There are various integration patterns for applications and the following methods should address the scenarios for handling the overall problem.

  1. Sync and Call-back method: send a "sync-and-callback" message to the consumer/application and then it turns around and communicates with Grouper or LDAP or other systems to synchronize data.  Grouper Web Services could be used or if Grouper is provisioning to LDAP then reaching out to LDAP might be viable as well.  Implied here is not only having a message consumer reading from a queue (usually with appropriate access control to the queue) but also includes configuring Grouper or LDAP or whatever other component to have access control configured as well for the case of the "sync-and-callback" message.  A sync message could be identified by the consumer in a variety of ways:
    1. additional field in the message indicating a "sync-and-callback" message
    2. the absence of a subject in the incremental message implies 1-(a)
  2. FULLSYNC-message-fragments method: send a "FULLSYNC fragment" message to consumer with additional information indicating which fragment for the object being sent the message belongs.  Provide sufficient information so the consumer can put the multiple fragments back together should they arrive out of order.  Provide configuration to control size of message or number of subjects in the message.
  3. FULLSYNC-single-message method: send a "FULLSYNC" message to the consumer/application looking like an incremental change message for membership and populating the subject array (normally only having 1 item) with all the full membership of the group.  Could be implemented as 2 above and specifying no limit to a fragment - size limit = 0

As an "application/consumer" might be configured to receive many groups or a portion of the Grouper tree assigned to the app it would be needed for the mechanism to traverse the Grouper Stem tree from a starting point Stem thereby making it easy to sync up many groups or even all groups if Root is the starting point.
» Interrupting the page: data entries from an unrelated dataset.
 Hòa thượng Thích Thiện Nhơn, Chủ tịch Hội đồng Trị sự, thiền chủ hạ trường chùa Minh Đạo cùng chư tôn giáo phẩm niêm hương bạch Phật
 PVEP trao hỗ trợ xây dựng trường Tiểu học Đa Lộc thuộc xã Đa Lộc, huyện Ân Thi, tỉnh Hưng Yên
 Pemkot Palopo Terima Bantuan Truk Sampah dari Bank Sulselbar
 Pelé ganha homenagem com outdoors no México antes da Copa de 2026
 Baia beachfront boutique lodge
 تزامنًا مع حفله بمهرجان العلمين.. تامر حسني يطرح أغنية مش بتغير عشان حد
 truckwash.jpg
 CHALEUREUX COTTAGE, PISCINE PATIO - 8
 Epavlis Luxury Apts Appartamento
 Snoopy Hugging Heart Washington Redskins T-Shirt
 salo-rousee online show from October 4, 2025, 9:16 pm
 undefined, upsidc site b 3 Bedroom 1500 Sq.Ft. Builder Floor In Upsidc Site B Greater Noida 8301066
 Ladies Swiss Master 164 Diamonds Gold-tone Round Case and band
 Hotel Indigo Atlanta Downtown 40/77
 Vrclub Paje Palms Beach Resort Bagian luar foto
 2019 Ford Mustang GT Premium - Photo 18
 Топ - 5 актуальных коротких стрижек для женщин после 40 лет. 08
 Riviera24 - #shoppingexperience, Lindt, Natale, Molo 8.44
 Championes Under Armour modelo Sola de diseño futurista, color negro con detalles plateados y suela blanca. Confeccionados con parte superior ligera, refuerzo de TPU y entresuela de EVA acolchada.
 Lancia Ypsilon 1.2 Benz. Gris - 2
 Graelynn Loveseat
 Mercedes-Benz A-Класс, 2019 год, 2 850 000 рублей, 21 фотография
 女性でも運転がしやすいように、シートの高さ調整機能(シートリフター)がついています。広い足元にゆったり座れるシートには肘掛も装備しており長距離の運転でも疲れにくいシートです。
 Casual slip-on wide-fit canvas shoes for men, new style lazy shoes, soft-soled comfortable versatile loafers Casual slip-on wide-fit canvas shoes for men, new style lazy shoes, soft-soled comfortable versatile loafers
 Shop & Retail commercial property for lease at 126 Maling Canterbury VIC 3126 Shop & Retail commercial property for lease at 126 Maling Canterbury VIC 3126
Initially, only interested in memberships, but there may be a desire to sync up privileges and other attributes or objects in the future.

There are many applications and scenarios in which a variety of integration techniques and security concerns may be at play causing the 3 integration patterns noted above to be applied.

Execution should be handled by Grouper Loader OTHER jobs making use of Quartz cron and supplying the needed parameters to control the jobs.  There may be many jobs configured with different parameters.  Parameters based on above include: limit_number_of_subjects, limit_size_of_message, stem_to_sync, message_type (sync-callback, fullsync) or it's all fullsync with the parameters governing behavior - a fullsync with no subjects implies callback.